[Records drawn from a dataset]
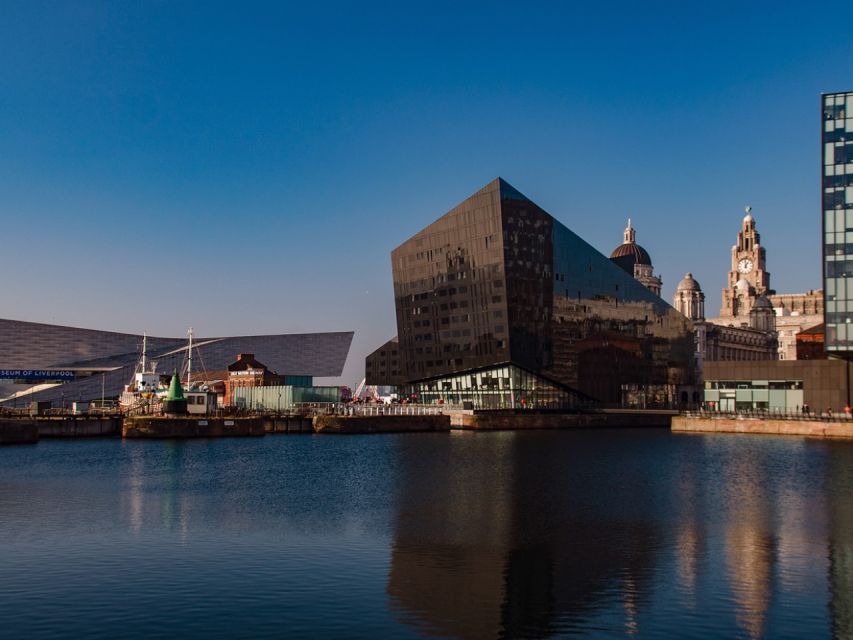 Liverpool in a Nutshell a Self-Guided Audio Tour in English - UNESCO-listed Maritime Hub of Albert Dock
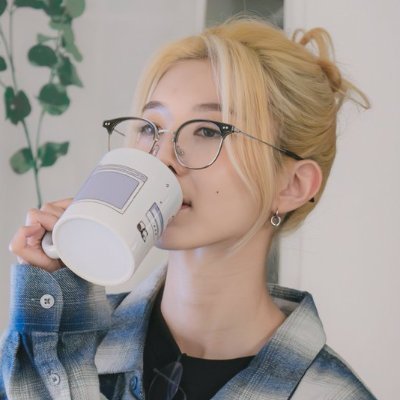 hunnydami's profile picture. eu e a Dami assistindo Ursinho Pooh 🧸🍯|| ela/dela, 99line || antiga @deukaevigne || falo de kpdh na @jinubsessed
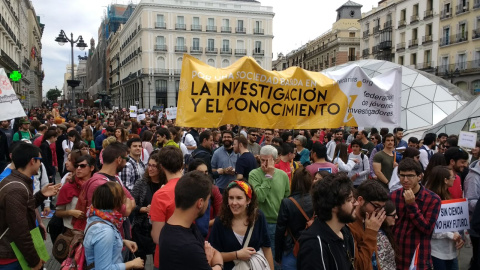 Imagen de la manifestación convocada por la FJI en ____ para luchar "por una sociedad basada en la investigación y el conocimiento". | FJI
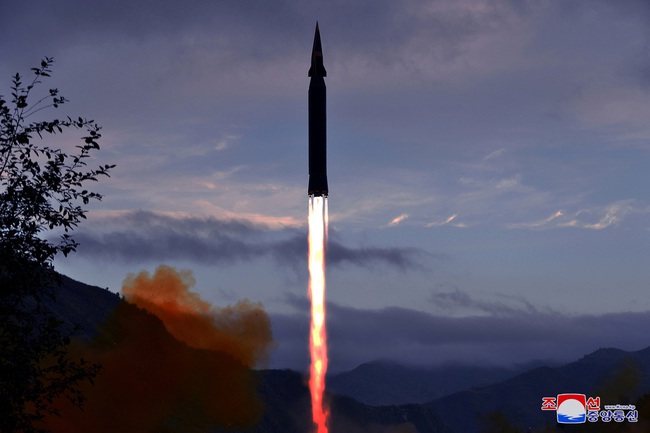 Hàn Quốc: Triều Tiên dường như đã phóng 2 tên lửa đạn đạo tầm ngắn - Ảnh 1.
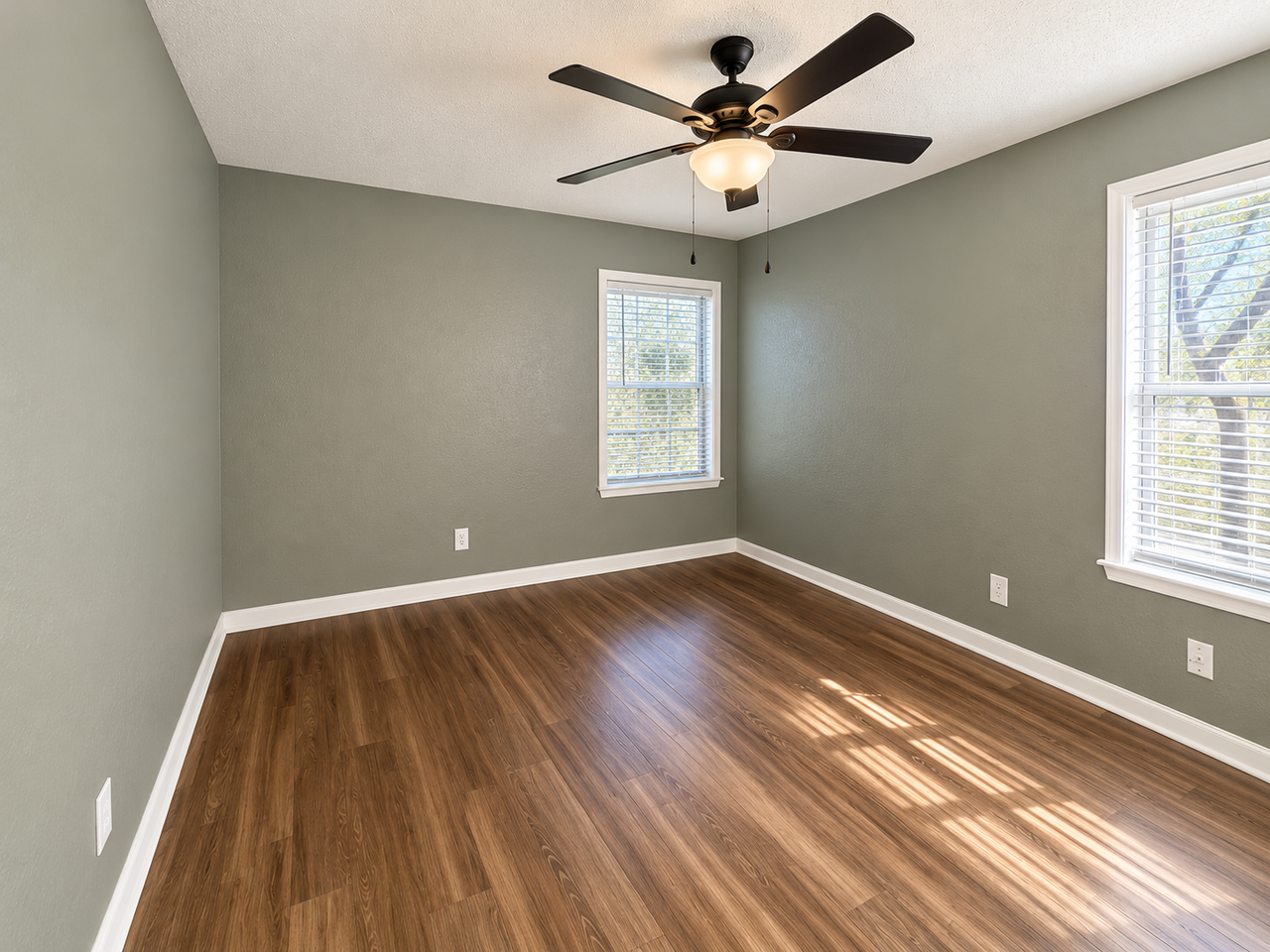 1216 White Avenue - Photo 5 of 8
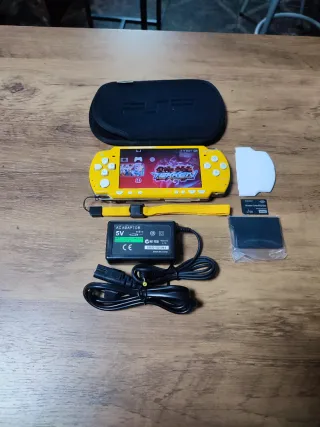 PSP Slim Amarillo 2004 The Simpsons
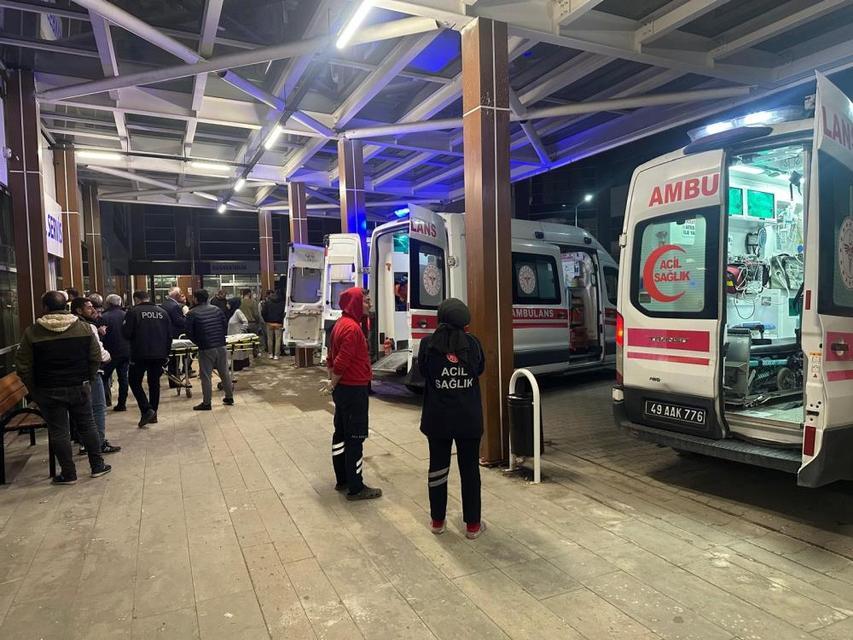 Öğretmenleri taşıyan taksi takla attı: 7 yaralı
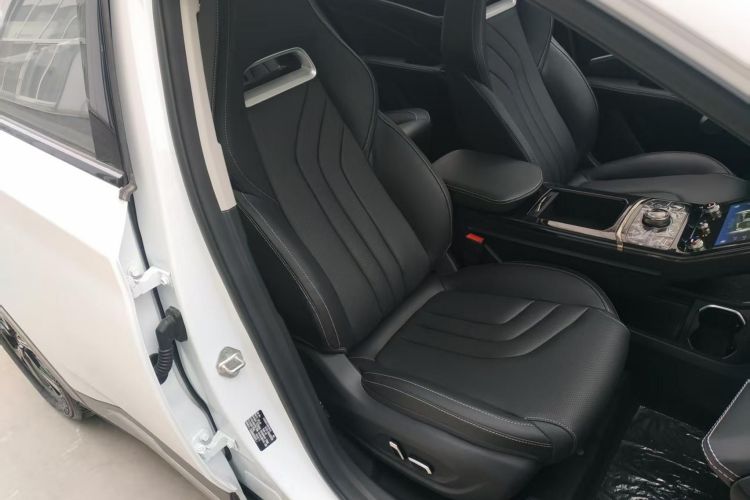 哪吒汽车 2022款 哪吒U-Ⅱ 610 三元锂中控内饰7004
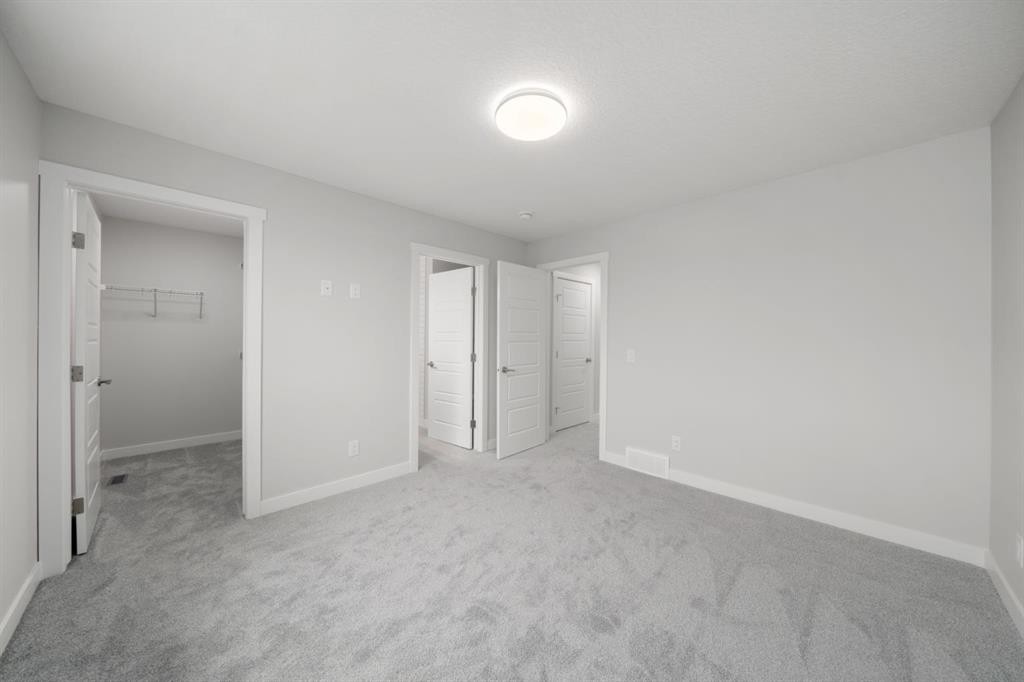 37 Sora Gate Se, Calgary, AB - Indoor Photo Showing Other Room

• **YOUR INSTRUCTIONS**:
What you write out is the stretch of entries from the line containing "Imagen de la" to the line containing "哪吒汽车 2022款 哪吒U-Ⅱ 610 三元锂中控内饰7004", word for word, with both end lines and no pictures.

• **REPLY TO THE EXERCISE**:
 Imagen de la manifestación convocada por la FJI en ____ para luchar "por una sociedad basada en la investigación y el conocimiento". | FJI
 Hàn Quốc: Triều Tiên dường như đã phóng 2 tên lửa đạn đạo tầm ngắn - Ảnh 1.
 1216 White Avenue - Photo 5 of 8
 PSP Slim Amarillo 2004 The Simpsons
 Öğretmenleri taşıyan taksi takla attı: 7 yaralı
 哪吒汽车 2022款 哪吒U-Ⅱ 610 三元锂中控内饰7004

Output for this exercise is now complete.